Undoubtedly, in terms of getting finance jobs, it helps if your father owns a hedge fund or your aunt is president of a major bank. And if your father does own a hedge fund or your aunt is such a president, you probably are not scouring the web for job advice. But for those who are looking for any tip they can get to land a job in finance, not having such a connection does not mean that you will never get a job. Though it may not always seem like it, for finance jobs what you know really does matter more than who you know.

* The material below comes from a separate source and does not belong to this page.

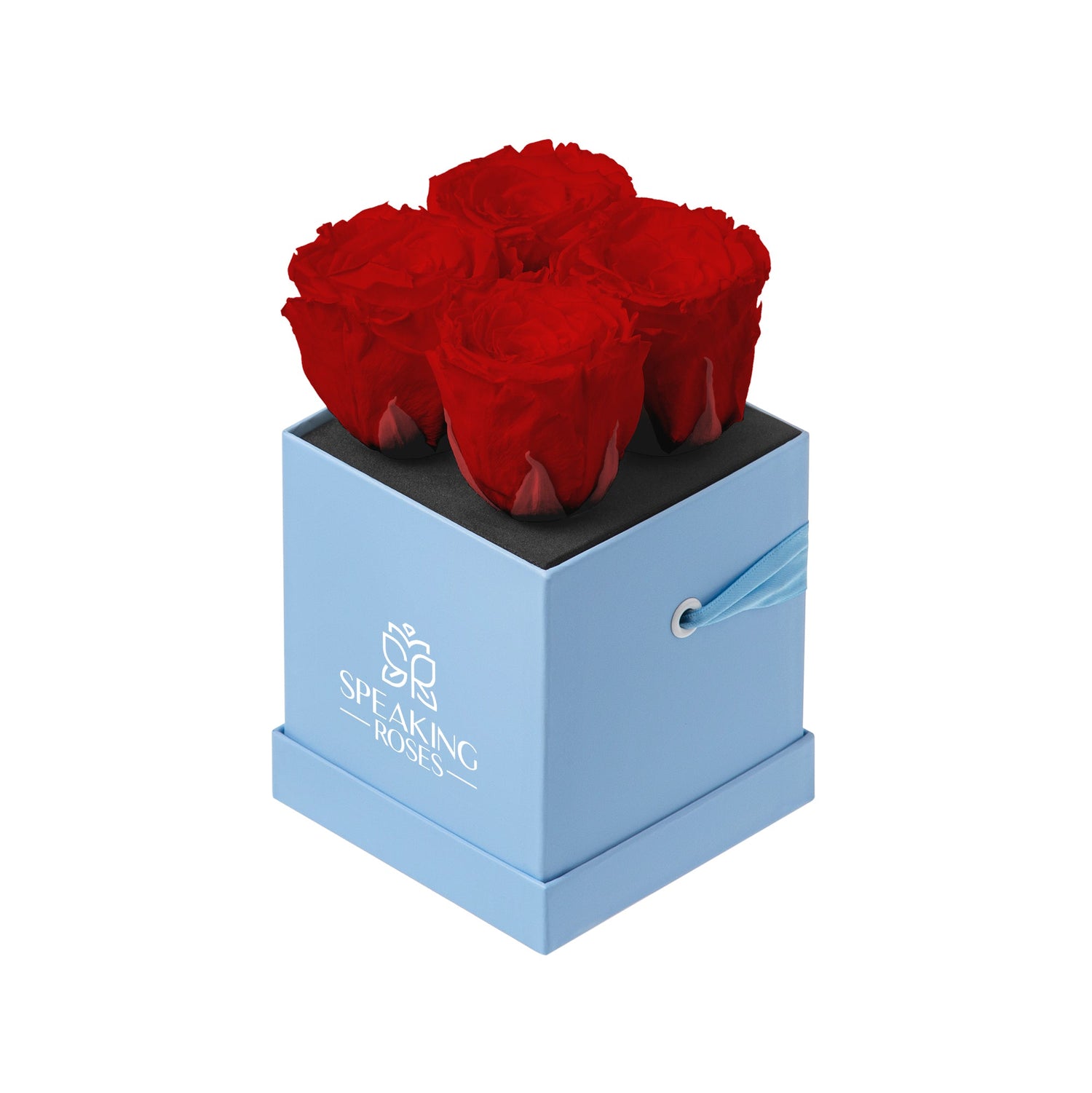 Box of red roses with 'Speaking Roses' branding on a white background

The first testament to this statement is the interview process. Interviews for finance jobs, especially those at Bulge Bracket banks, are notoriously rigorous and require a large amount of technical knowledge. Interviews usually begin with the basic questions about the candidate’s background and his or her choice to apply to the specific firm. Next there are more job-specific questions. I.e. if you are applying for an analyst or trading position, you might be asked about your own stock portfolio or queried about the day’s Wall Street Journal news. And then, especially in second- and third-round interviews, there will be a series of more extended logic and scenario-based questions. These might be back-of-the-envelope calculation questions, such as: “How many ping pong balls could you fit into a 747 jet?” Or they can involve industry-specific scenarios, such as having the candidate decide whether to long or short a certain stock. Getting these second and third types of questions right is crucial to landing a job at a bank or other financial firm, and any candidate would be hard-pressed to lie his or her way to a suitable answer. You have to know your stuff—and know it well.

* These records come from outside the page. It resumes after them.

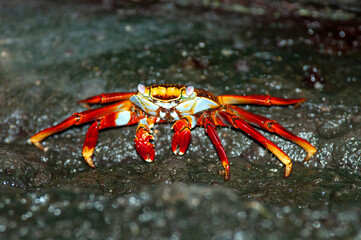 Sally lightfoot Crab, Grapsus grapsus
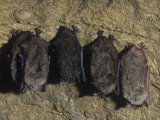 Little Brown Bats Hibernating in a Cave (Myotis Lucifugus), USA Photographie par Joe McDonald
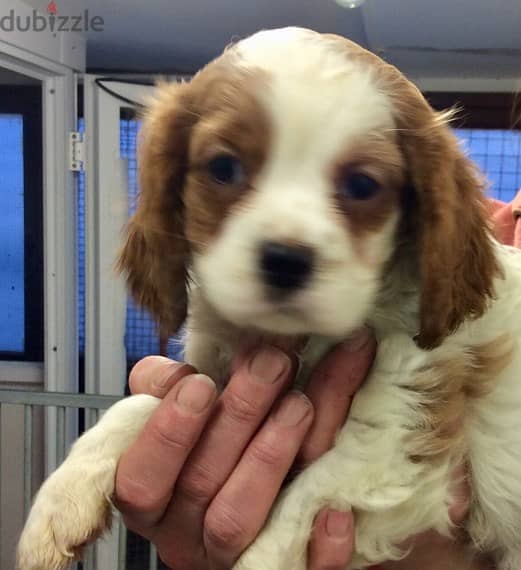 Whatsapp Me +966 (583)921348//Cavalier King Puppies 1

Once in a job in the finance realm, where you may be working on multi-billion-dollar mergers and acquisitions or with multi-million-dollar funds, it is even more vital to have the correct technical know-how. Even small mistakes can have large consequences, especially when dealing with other people’s money. Candidates who rely solely on who they know will find themselves easily caught in the big, stinking puddle of what they do not know.

To digress a bit, I once had a friend whose grandfather had donated a building to an Ivy League school and whose older sister had then been denied from that university. She was by no means dumb, but she perhaps partied a little too hard in high school and took a couple things for granted. Of course getting into a finance company and getting into college are much different (case in point: in the first instance they give you a salary, in the latter you pay to be allowed to stay), but the example goes to show that even if you do know someone, it is not always a guaranteed in. You have to have the goods to make the institution behind that someone believe in you.

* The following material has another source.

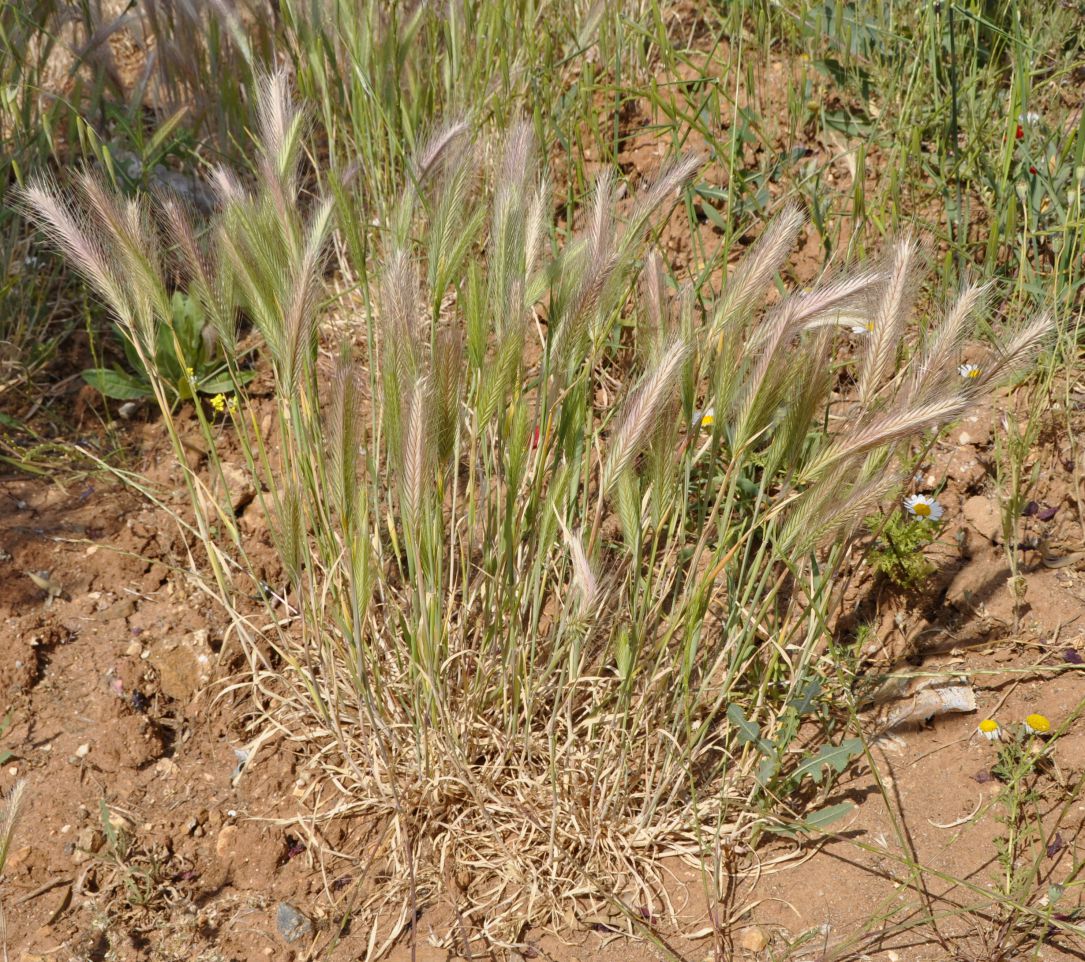 Image of genus Hordeum specimen.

So even though “networking” is the word on the tip of every career counselor’s tongue, candidates cannot only focus on this aspect of the job-hunting. Studying is equally, and probably even more, important. Nor does the importance of learning and improving on your skills stop once you have landed a job. The American dream of “making it” through hard work, sheer determination, and a good bit of knowledge acquisition is not entirely dead.